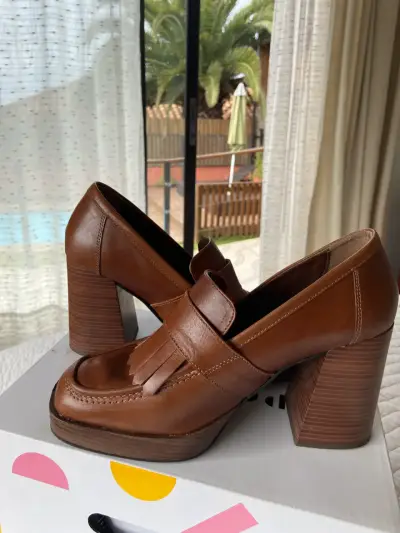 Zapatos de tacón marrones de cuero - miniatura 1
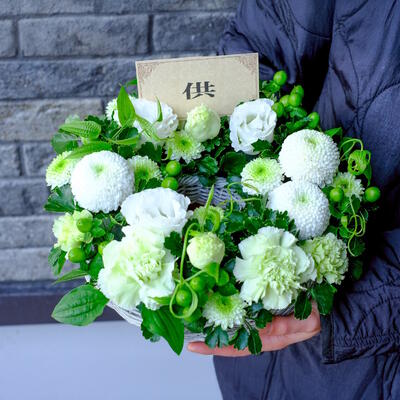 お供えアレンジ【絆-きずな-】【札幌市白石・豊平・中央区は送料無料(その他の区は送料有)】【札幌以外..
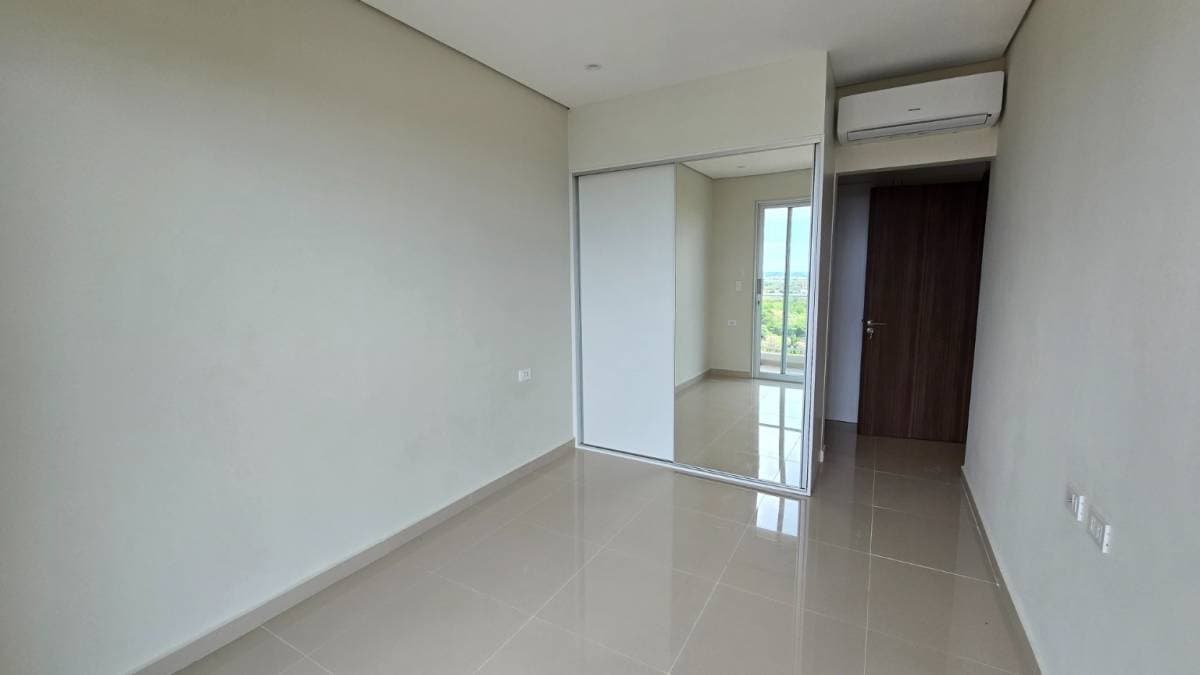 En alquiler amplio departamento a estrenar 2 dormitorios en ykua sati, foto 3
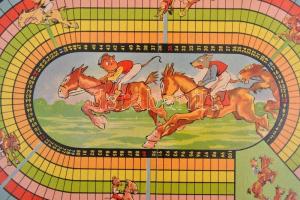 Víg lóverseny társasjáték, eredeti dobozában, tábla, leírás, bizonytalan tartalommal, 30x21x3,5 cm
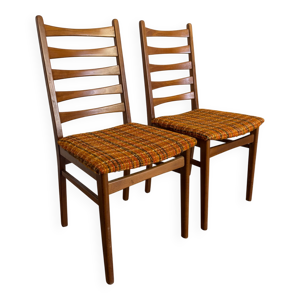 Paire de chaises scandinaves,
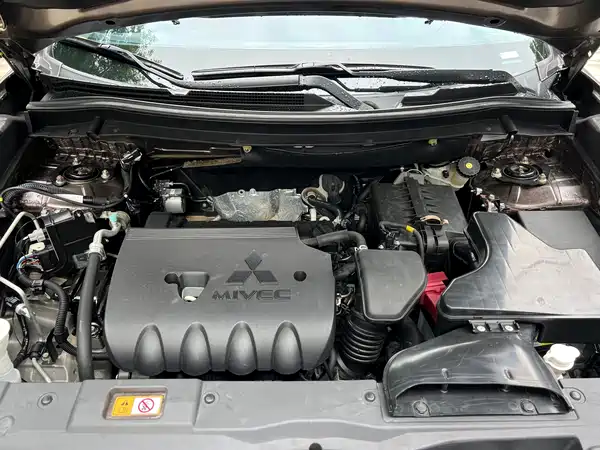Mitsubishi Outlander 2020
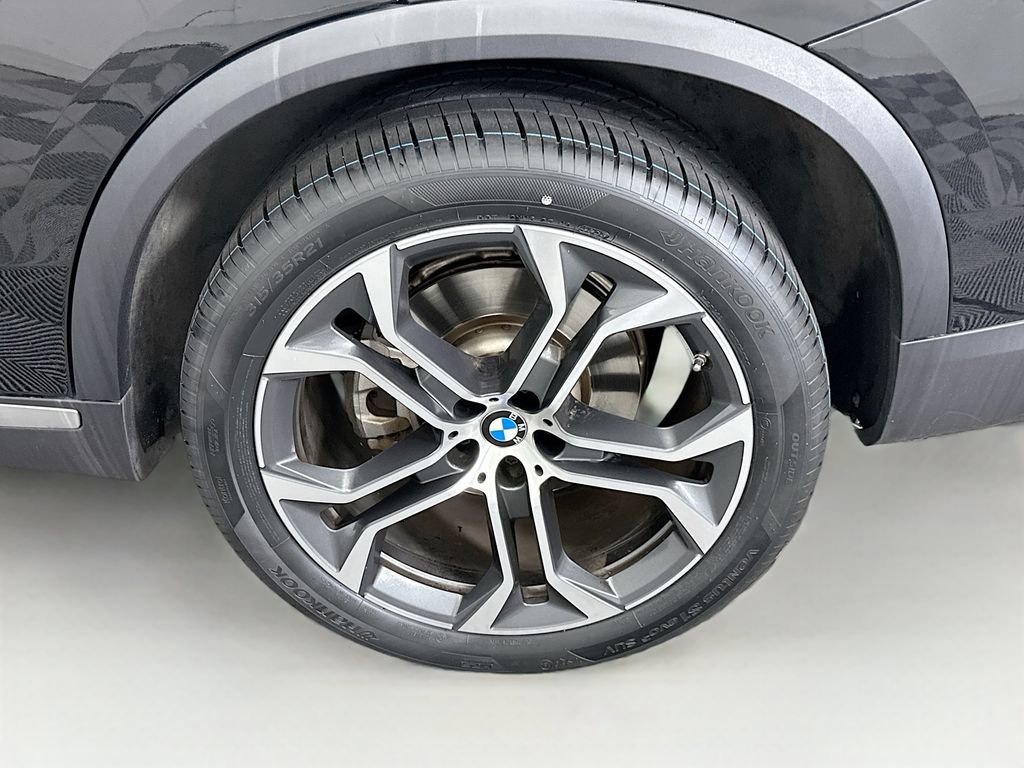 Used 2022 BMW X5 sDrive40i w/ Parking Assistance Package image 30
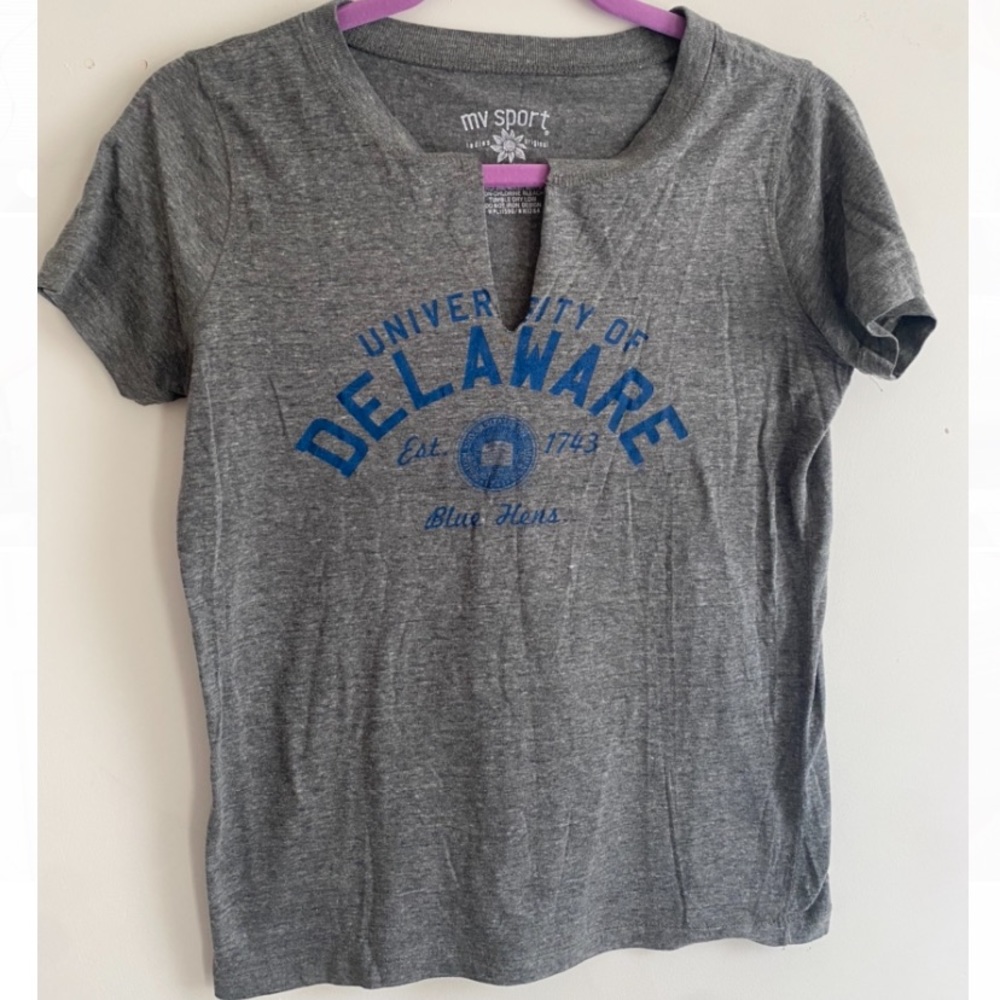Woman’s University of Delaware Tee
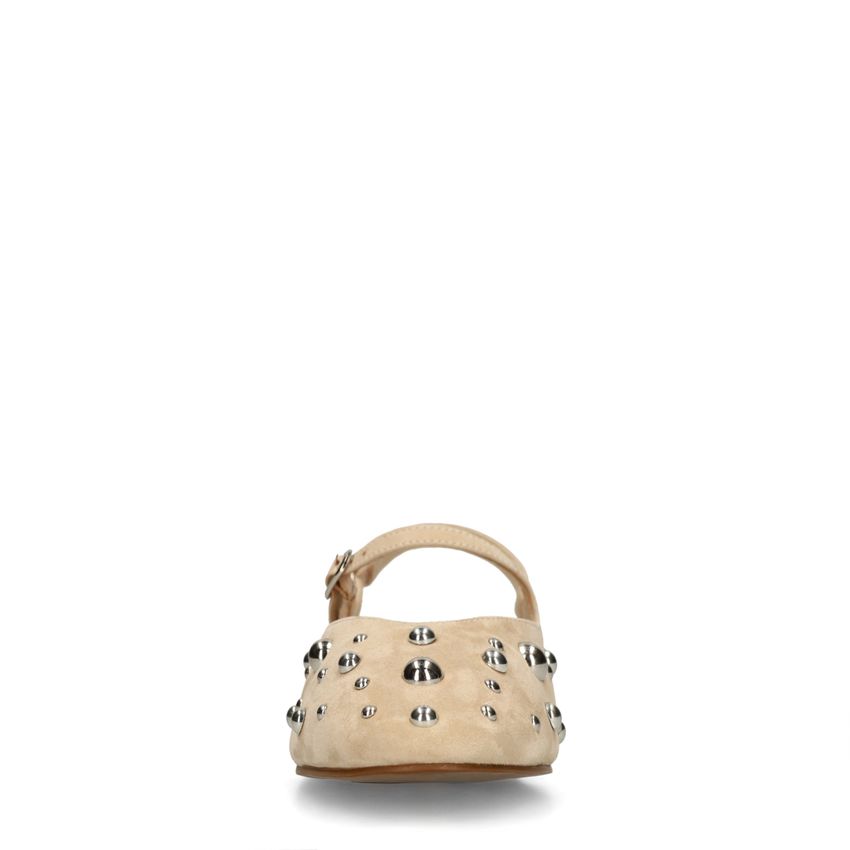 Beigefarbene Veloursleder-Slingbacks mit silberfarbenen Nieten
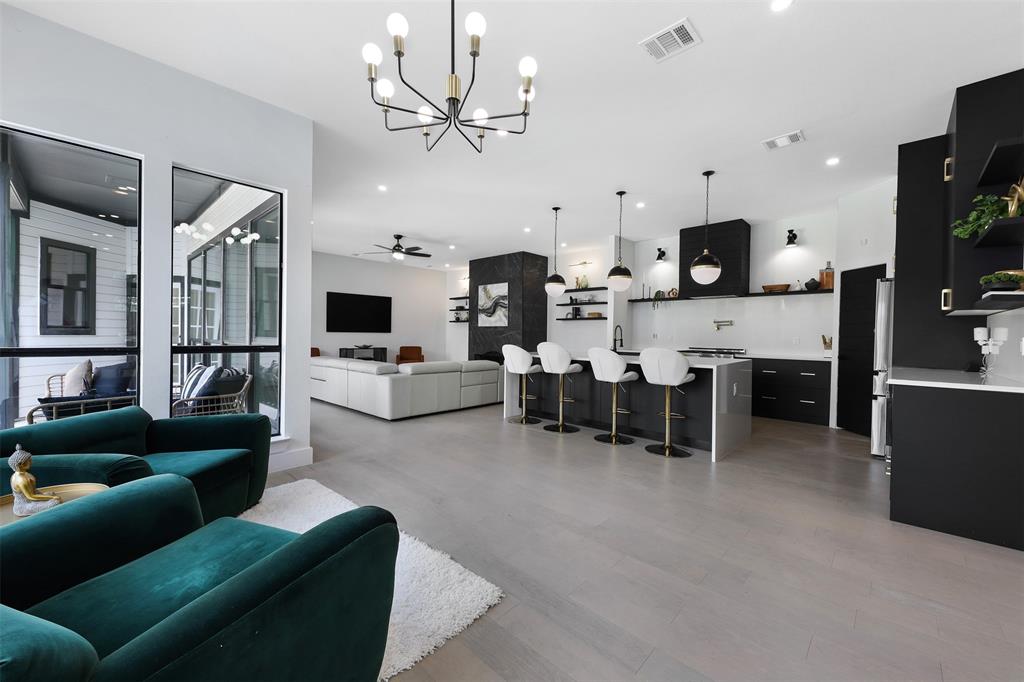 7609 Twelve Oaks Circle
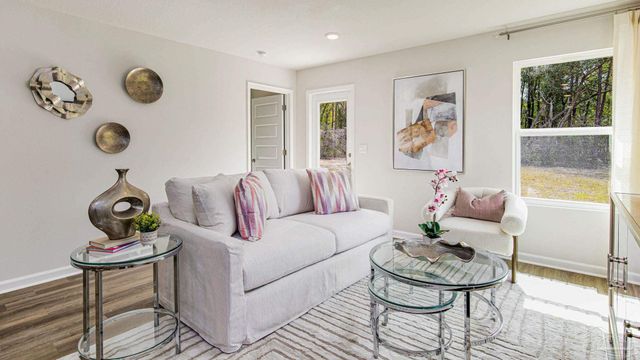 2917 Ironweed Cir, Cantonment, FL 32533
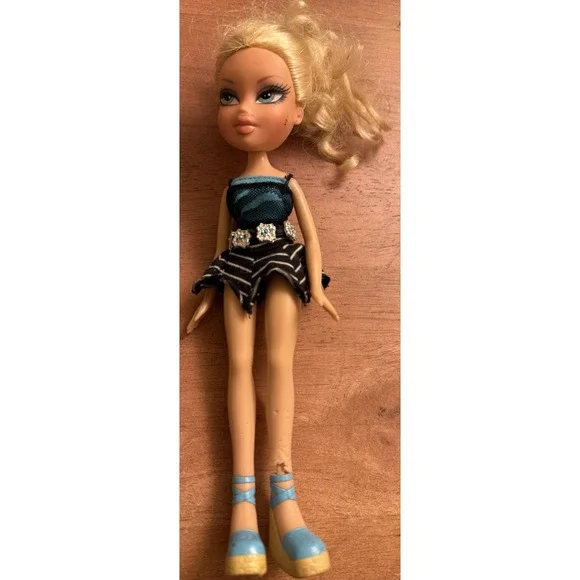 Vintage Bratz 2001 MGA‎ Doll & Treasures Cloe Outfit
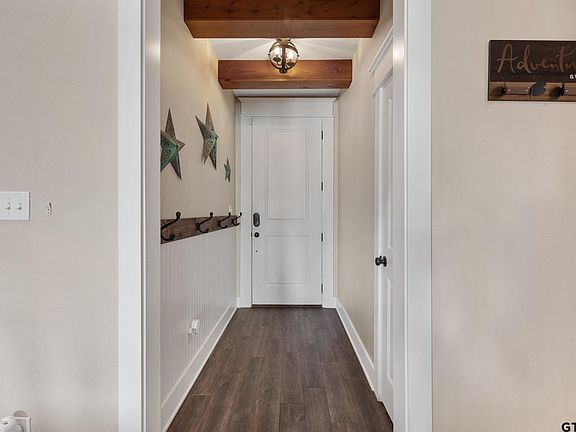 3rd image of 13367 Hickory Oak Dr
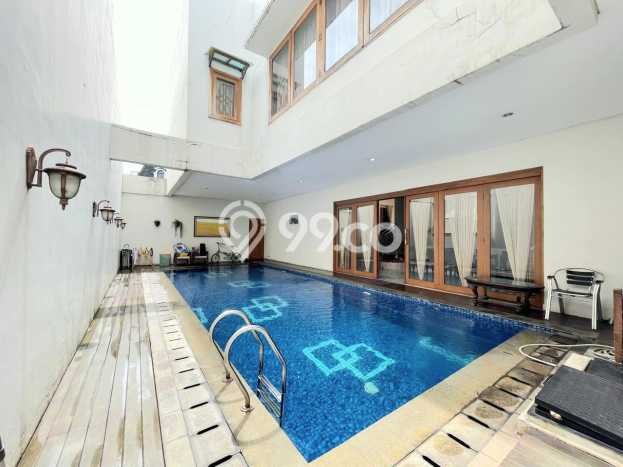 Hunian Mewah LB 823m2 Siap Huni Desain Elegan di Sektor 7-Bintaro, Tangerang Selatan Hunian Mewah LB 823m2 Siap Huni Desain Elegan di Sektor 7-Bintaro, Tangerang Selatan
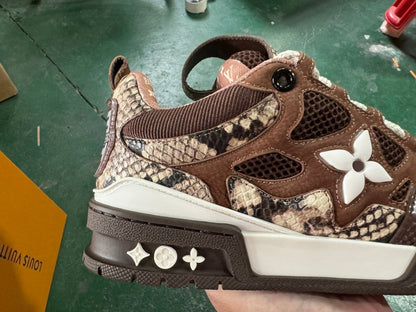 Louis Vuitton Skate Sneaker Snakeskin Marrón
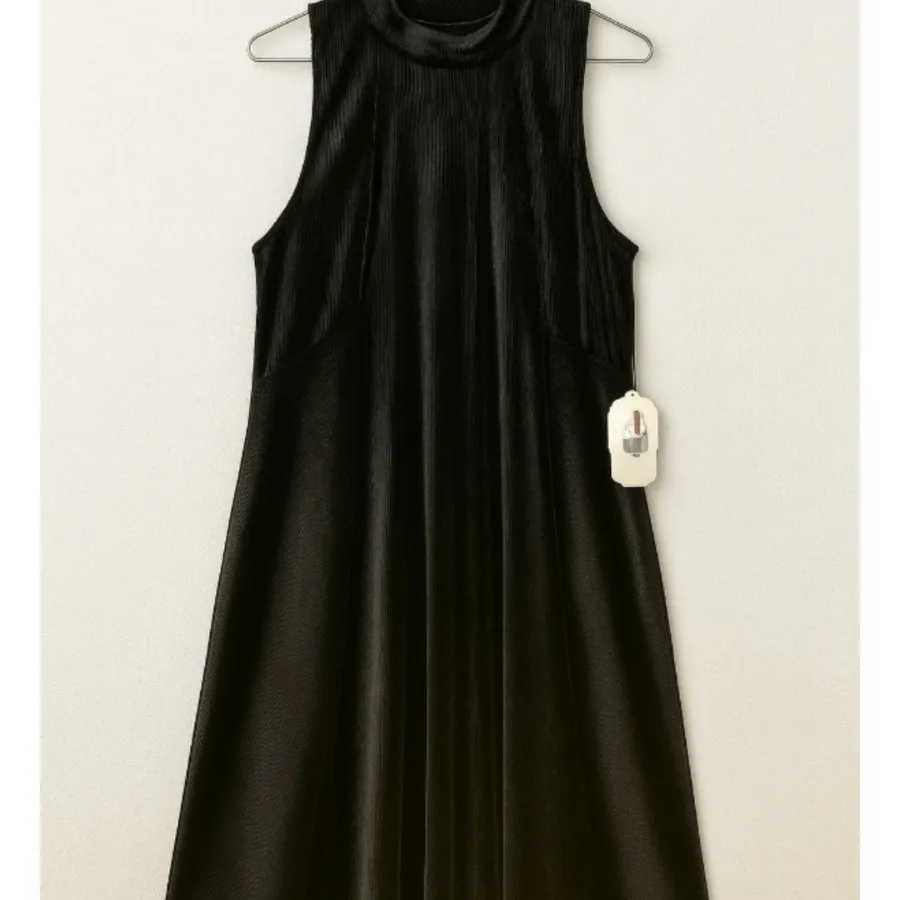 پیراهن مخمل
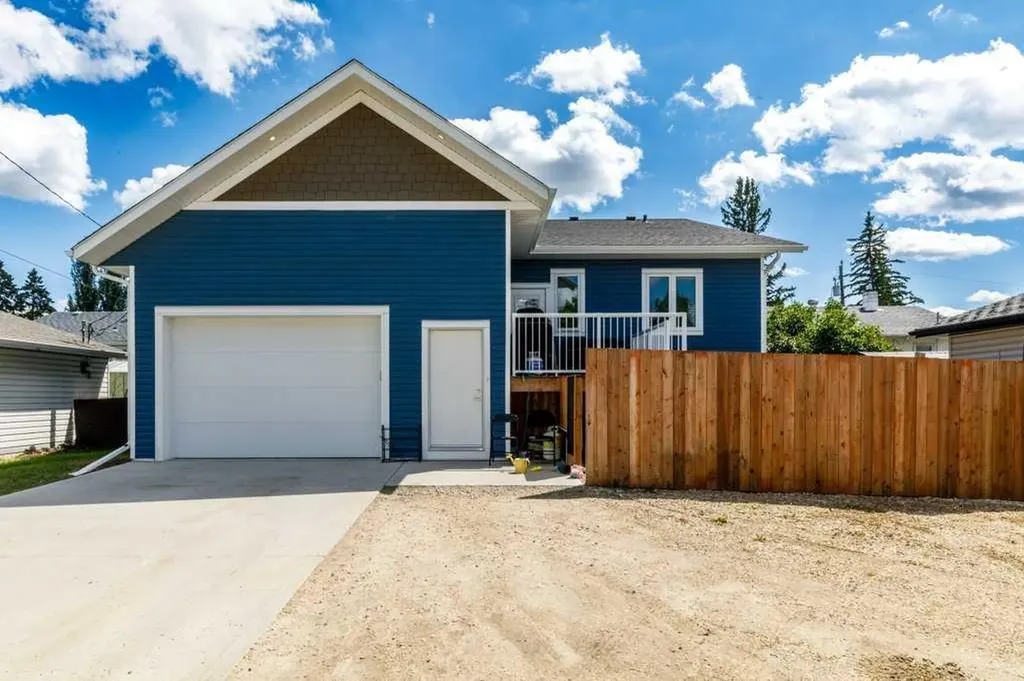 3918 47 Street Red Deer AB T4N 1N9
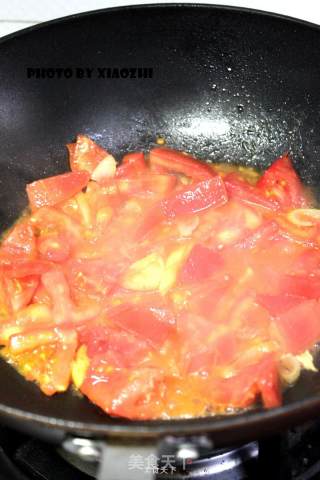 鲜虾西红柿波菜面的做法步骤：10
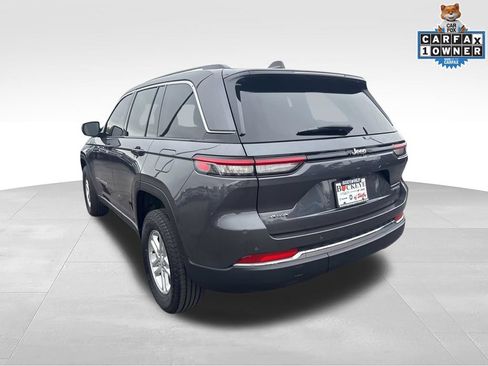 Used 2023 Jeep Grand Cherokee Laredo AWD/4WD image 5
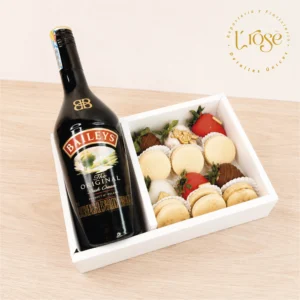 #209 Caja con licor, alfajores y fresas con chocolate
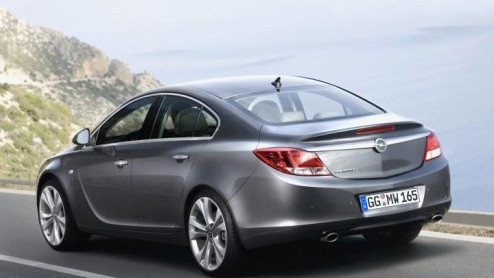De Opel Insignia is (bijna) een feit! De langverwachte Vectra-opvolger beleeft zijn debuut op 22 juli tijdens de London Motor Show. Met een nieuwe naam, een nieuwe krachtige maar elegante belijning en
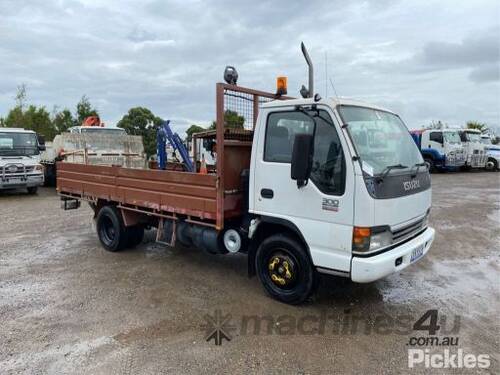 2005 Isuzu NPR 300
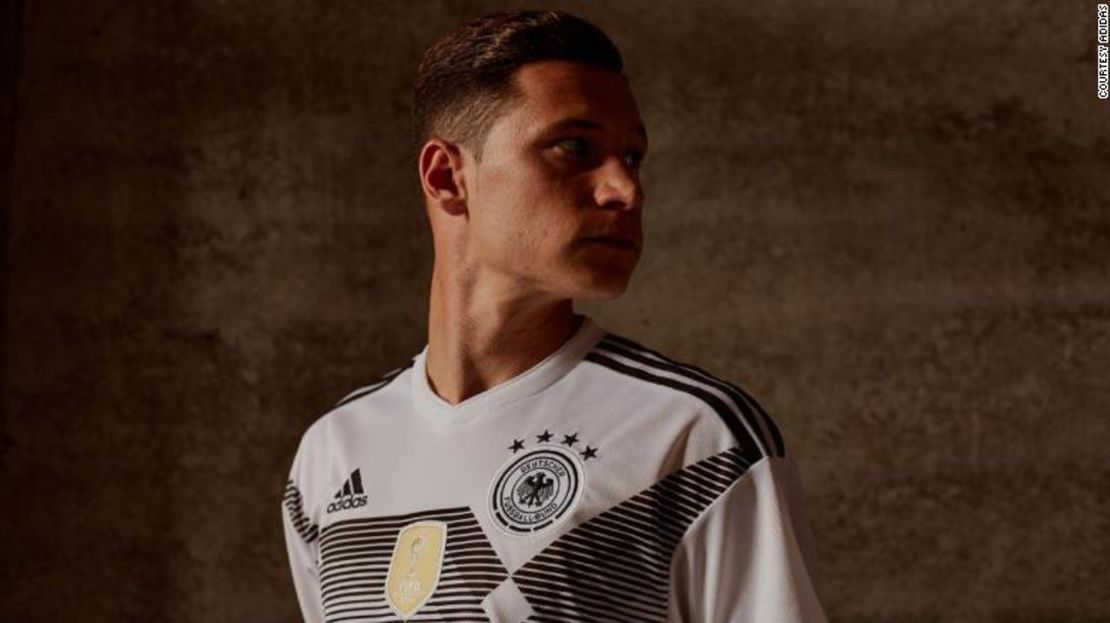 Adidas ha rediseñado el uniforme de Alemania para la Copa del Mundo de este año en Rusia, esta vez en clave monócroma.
━━━━━━━━━━━━━━━━━━━━
Your reply should hold exactly the lines from the line containing "پیراهن مخمل" through the final line of the listing, and none of the pictures.

→ **TASK RESPONSE**
 پیراهن مخمل
 3918 47 Street Red Deer AB T4N 1N9
 鲜虾西红柿波菜面的做法步骤：10
 Used 2023 Jeep Grand Cherokee Laredo AWD/4WD image 5
 #209 Caja con licor, alfajores y fresas con chocolate
De Opel Insignia is (bijna) een feit! De langverwachte Vectra-opvolger beleeft zijn debuut op 22 juli tijdens de London Motor Show. Met een nieuwe naam, een nieuwe krachtige maar elegante belijning en
 2005 Isuzu NPR 300
 Adidas ha rediseñado el uniforme de Alemania para la Copa del Mundo de este año en Rusia, esta vez en clave monócroma.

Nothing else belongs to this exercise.